This 2006 film by Stephen Frears was showered with six Academy Award nominations, winning Best Actress for Helen Mirren in the title role. It is interesting to see this movie now, relatively soon after Queen Elizabeth’s visit to Ireland, which gave a different impression of the monarch and underlined how much time has gone by since the days in 1997 when many people in Britain went crazy (my take) over the death of Princess Diana. Indeed, the liberal newsreel footage used in Frear’s film reminded me of nothing so much as film coming out of North Korea after the death of the Dear Leader. It would have been easy for Frears and screenwriter Peter Morgan to do a hatchet job on Her Royal Highness, but like our point of view character (none other than Tony Blair, as played by the chameleon-like Michael Sheen) we come to appreciate her position and maybe see the value in the institution of the monarchy. Instead, it is the anti-monarchist Cherie Blair (Helen McCrory), who comes off looking silly and a bit out of touch. The main fascination comes from the feeling of voyeurism as we watch intimate moments among the royal family that would never be documented first-hand. We come to understand why the Queen was loath to leave Balmoral, as her life approaches something normal there. We see her walking around and talking to people quite casually, using a mobile phone and driving a Range Rover. A decade and a half after the events portrayed, the Queen still endures. And her prediction to Blair (made by the screenwriter with the benefit of hindsight) about his own eventual fall in popularity has long since come to pass. (Seen 29 December 2011)

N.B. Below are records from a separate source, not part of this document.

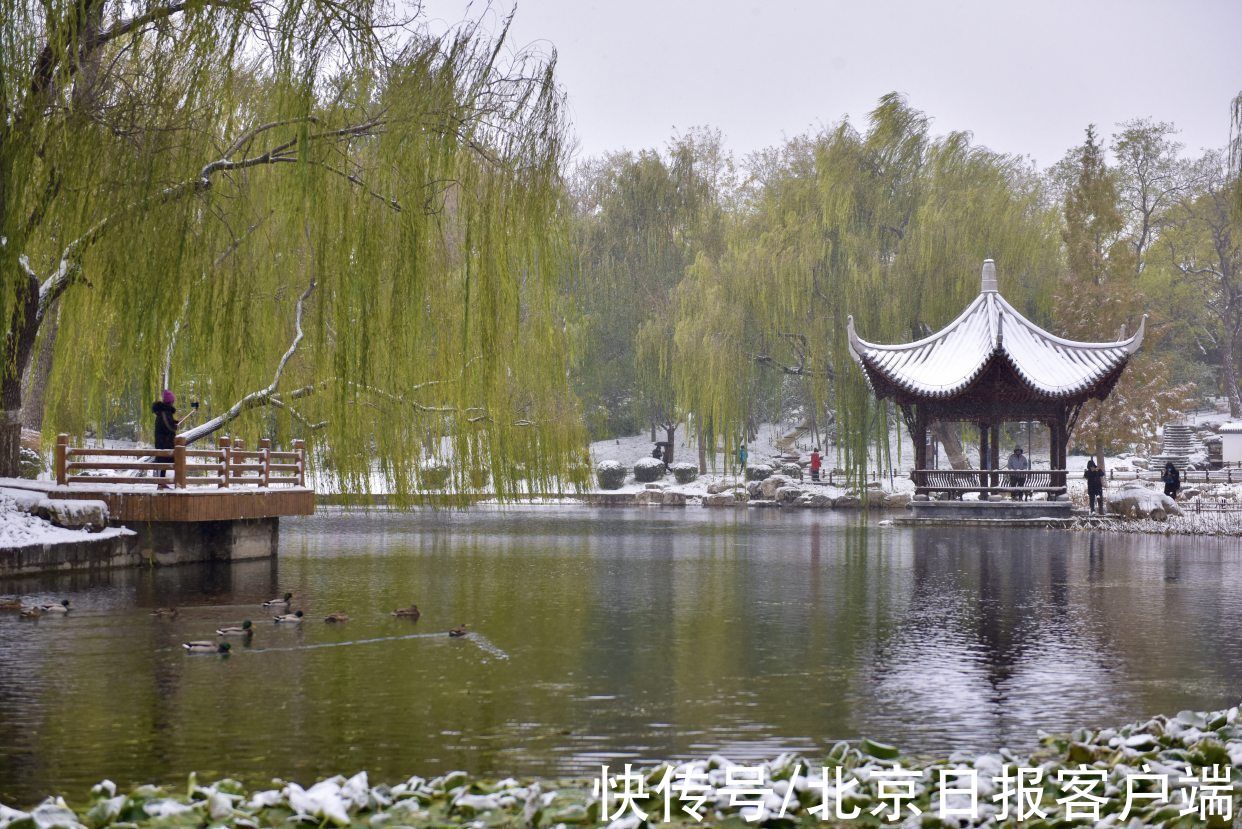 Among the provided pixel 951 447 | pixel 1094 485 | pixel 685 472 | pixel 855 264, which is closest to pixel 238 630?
pixel 1094 485

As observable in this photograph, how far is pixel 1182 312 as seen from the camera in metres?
55.7

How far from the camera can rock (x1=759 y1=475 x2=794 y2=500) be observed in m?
40.3

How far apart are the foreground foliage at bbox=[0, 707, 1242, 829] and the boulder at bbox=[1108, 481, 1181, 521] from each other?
2365 centimetres

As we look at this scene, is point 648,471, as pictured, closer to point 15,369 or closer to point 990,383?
point 990,383

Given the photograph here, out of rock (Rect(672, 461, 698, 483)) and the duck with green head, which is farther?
rock (Rect(672, 461, 698, 483))

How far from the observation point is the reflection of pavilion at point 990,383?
29.5 meters

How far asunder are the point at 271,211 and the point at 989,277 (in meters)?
20.7

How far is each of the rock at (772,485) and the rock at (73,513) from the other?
26.3 meters

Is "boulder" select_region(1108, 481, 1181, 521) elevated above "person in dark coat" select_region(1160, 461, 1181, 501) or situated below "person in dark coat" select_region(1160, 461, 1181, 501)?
below

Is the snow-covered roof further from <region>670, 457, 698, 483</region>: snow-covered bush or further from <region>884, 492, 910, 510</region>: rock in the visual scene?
<region>670, 457, 698, 483</region>: snow-covered bush

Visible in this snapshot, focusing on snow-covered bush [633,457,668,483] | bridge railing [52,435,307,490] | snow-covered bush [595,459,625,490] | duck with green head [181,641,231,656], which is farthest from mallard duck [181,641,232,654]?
snow-covered bush [633,457,668,483]

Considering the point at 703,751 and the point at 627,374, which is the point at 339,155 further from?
the point at 627,374

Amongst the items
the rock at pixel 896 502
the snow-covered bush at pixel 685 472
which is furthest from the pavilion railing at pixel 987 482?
the snow-covered bush at pixel 685 472

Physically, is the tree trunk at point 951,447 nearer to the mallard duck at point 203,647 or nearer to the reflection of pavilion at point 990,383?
the reflection of pavilion at point 990,383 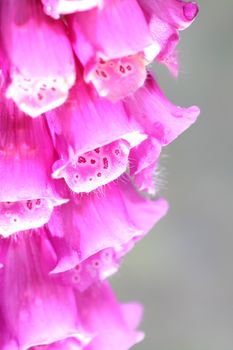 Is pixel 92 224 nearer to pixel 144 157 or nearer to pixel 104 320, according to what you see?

Qui êtes-vous, Polly Maggoo? (Who Are You, Polly Magoo?) 1 out of 4 stars

I became curious about this odd 1966 French film when I first read about it in R.J. Jamison’s biography Grayson Hall: A Hard Act to Follow. I resolved to seek it out last month after coming across a funky/dingy pub named Polly Maggoo in the Latin Quarter during our visit to Paris. Clearly, this strange cult film is an object of fascination for more than a few people, even four decades after it was made. As a disdainful satire of the fashion world (an easy target even, or especially, back then), it is a progenitor of everything from Prêt-à-Porter to Zoolander to The Devil Wears Prada. It also takes on the media and, well, anything else that seems to have been bugging William Klein, the New York-born photographer, who directed this. Depending on your point of view, the incoherent and jumpy narrative structure either reflects a unique vision of reality or else the cast and crew were just making it up as they went along. Some sequences have a compelling quality about them, but they work in isolation rather than part of a whole. Rewards for latter-day viewers include a young Jean Rochefort—who has one of the all-time great cinematic faces and who can currently be seen in my neck of the woods as a straight man waiter in Mr. Bean’s Holiday—as the journalist making the titular Ms. Maggoo the subject of a pretentious weekly reality program. (The following week’s subject is Pope Paul VI.) The late, lamented Philippe Noiret is on hand as a reporter. Sami Frey plays a prince whose destiny may be linked with Polly’s. Or not. And Grayson Hall does a dragon lady turn as a thinly disguised version of Diana Vreeland. In the end, it’s all more interesting as a time capsule than a movie. (Seen 17 May 2007)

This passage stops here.